Wednesday 26 September 2018

Warning From CBN: Our Economy May Fall Into Recession

Nigeria risks a relapse into recession, the Central Bank of Nigeria (CBN) issued a serious warning to the federal government yesterday.

CBN Governor Godwin Emefiele told reporters at the end of the Monetary Policy Committee (MPC) meeting in Abuja that they are worried that “the exit from the recession may be under threat as the economy slowed to 1.95 percent and 1.50 percent within the first and the second quarter 2018”.

CBN raised same alarm in 2015 and by 2016 it happened.

The economy plunged into recession shortly after from end of 2016 through 2017.

Emefiele said: “The Monetary Policy Committee appraised the microeconomic environment and noted that at its July meeting, modest stability was achieved in key indicators, including inflation, exchange rate and reserves.

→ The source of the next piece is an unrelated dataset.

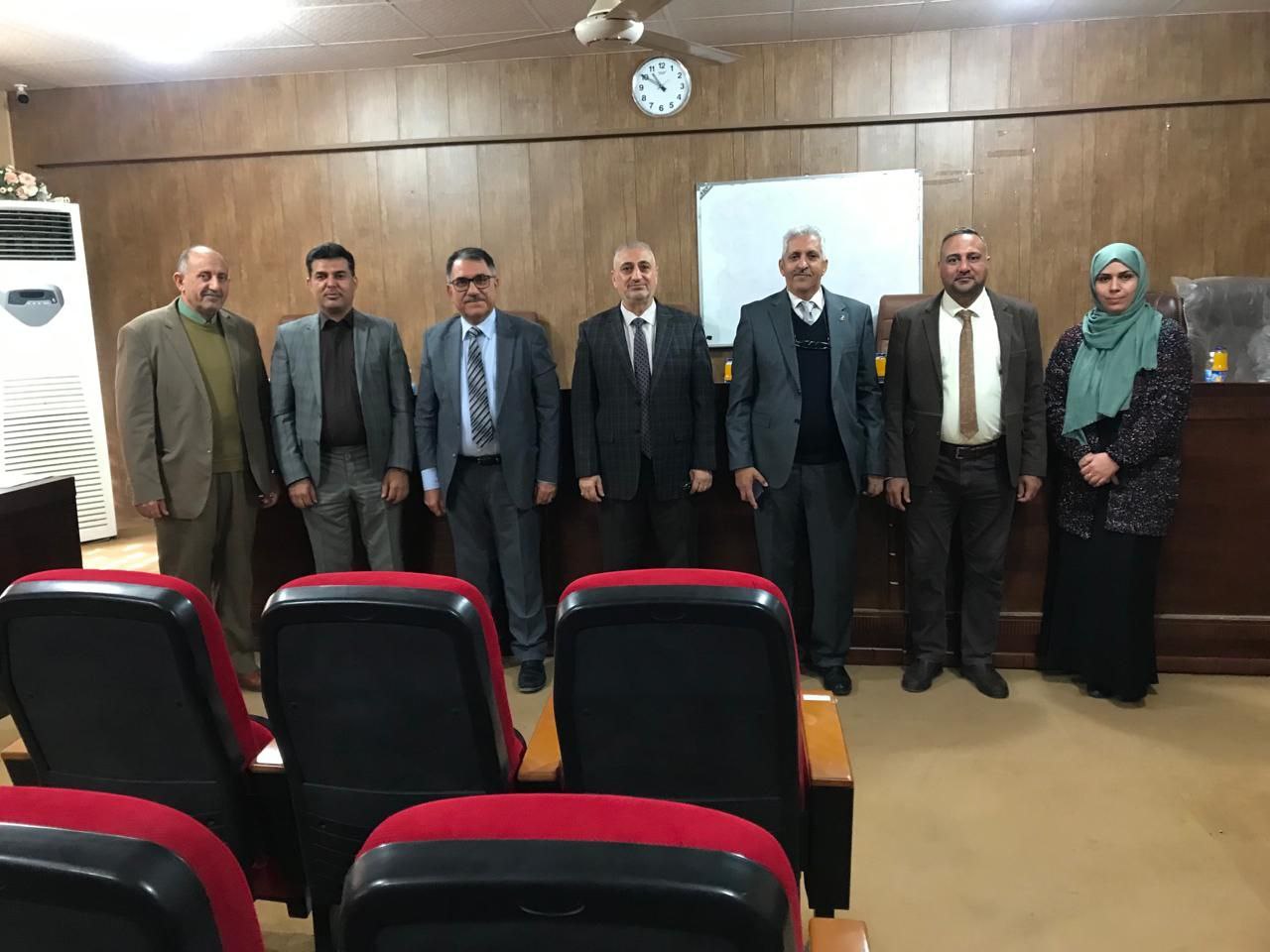 مشاركة تدريسي في كلية الصيدلة بالامتحان الشامل لطلبة الدكتوراه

In particular, relative stability returned to the foreign exchange market, going by a robust level of external reserves with inflation trending downward for the 18th consecutive months. These gains so far achieved appear to be under threat of reversal following the new data which provides evidence of weakening fundamentals.”

This threat to the economy, he said, comes from “rising inflation and pressure on the external reserves created by the capital flow reversal as the current challenges grow”. He noted that the inflationary measure was rebuilding, and “capital flow reversal has intensified as shown by the bearish trend in the equities market even though the exchange rate remains very stable.”

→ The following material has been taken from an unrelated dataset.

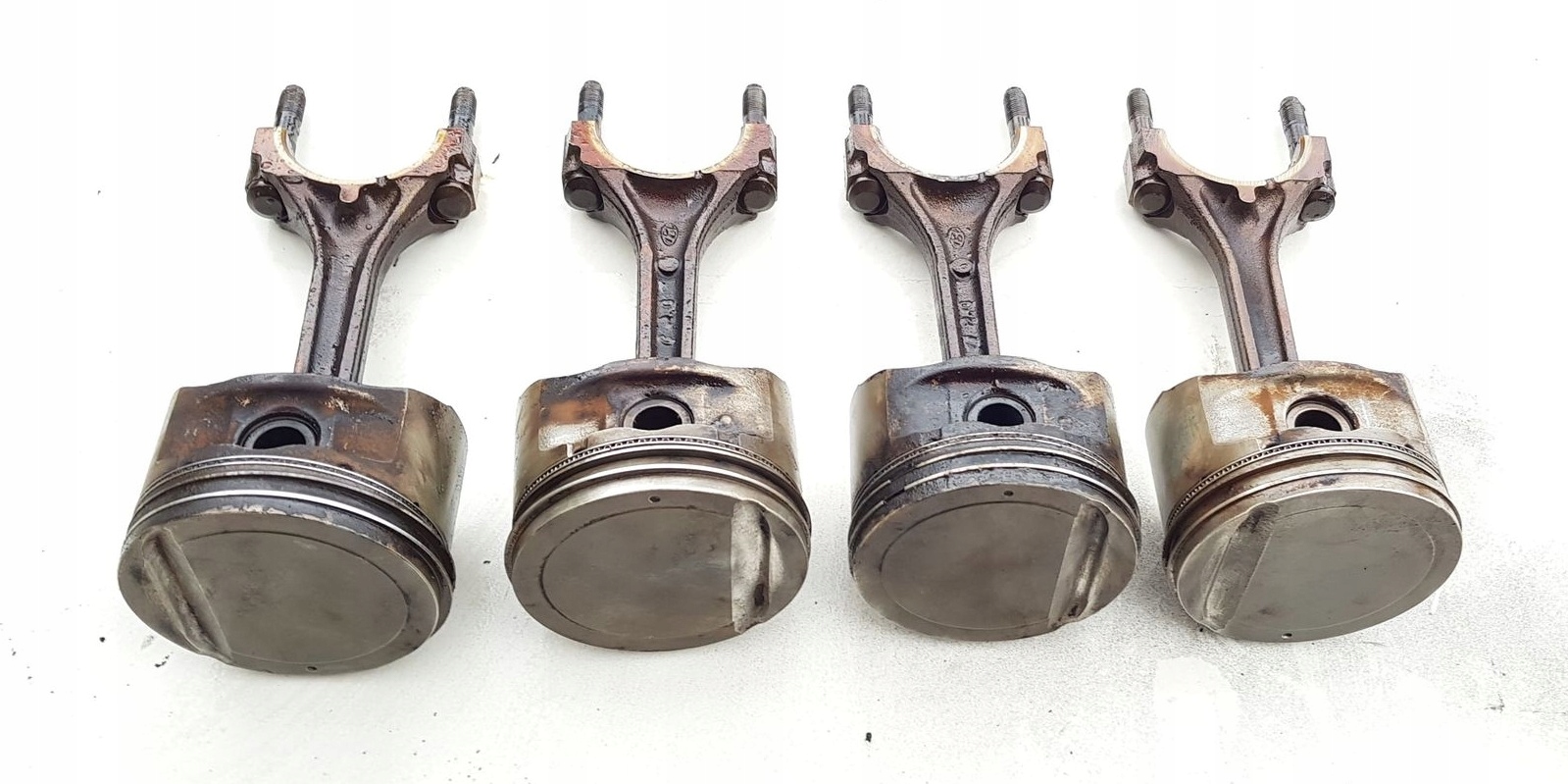 KORBOWÓD TŁOK 2.0 G4GC KIA SPORTAGE HYUNDAI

The MPC, Emefiele said, “noted that the slowdown emanated from the oil sector, with strong linkages to employment and growth in the key sectors of the economy”.

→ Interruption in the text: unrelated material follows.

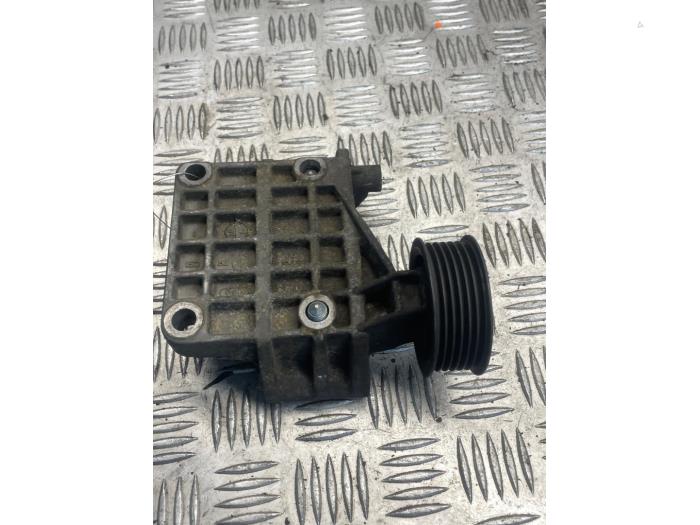 Gebruikte Dynamosteun onder Audi A6 (C6) 2.7 TDI V6 24V Prijs € 25,00 Margeregeling aangeboden door EU Engines & Parts BV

The committee urged the government to take advantage of the current rising trend in the oil prices to rebuild fiscal buffers, strengthen government finances in the medium term and reverse the current trend of decline in output growth.

Other threats to the economy, which may aggravate the onset of recession, Emefiele warned, include “the potential impact of liquidity injection from election related spending, and increase in FAAC distribution, which is rising in tandem with increase in oil receipt.”

The Committee “was concerned with the rising level of non-performing loans in the banking system, traced mainly to the oil sector and urged the banks to closely monitor and address the situation.”

Members of the MPC were concerned over the weak intermediation by the Deposit Money Banks and its adverse impact on credit expansion and investment growth by the private sector.

The MPC noted that the economy was still confronted with growth challenges and inflationary pressure but reiterated the need for synergy between the monetary and fiscal authorities as availed option for macroeconomic stability.

The MPC also called on the fiscal authorities “to intensify the implementation of the Economic Recovery and Growth Plan (ERGP) to stimulate economic activities, bridge the output gap and create employment.”

The committee lamented that the threats to the food supply chain in major food producing states due to poor infrastructure, flooding and security challenges may lead to a “rise in food prices, contributing to the uptake in the headline inflation”.

However, the committee was optimistic that as harvests progress, “in the coming months, pressure on food prices would gradually continue to recede while growth enhancing measures would over the medium term, have some moderating impact on food prices”.

The MPC called on the government to fast track implementation of the 2018 budget to help jump start sustainable economic recovery and to facilitate passage of the Petroleum Industry Bill to increase contribution to the overall GDP.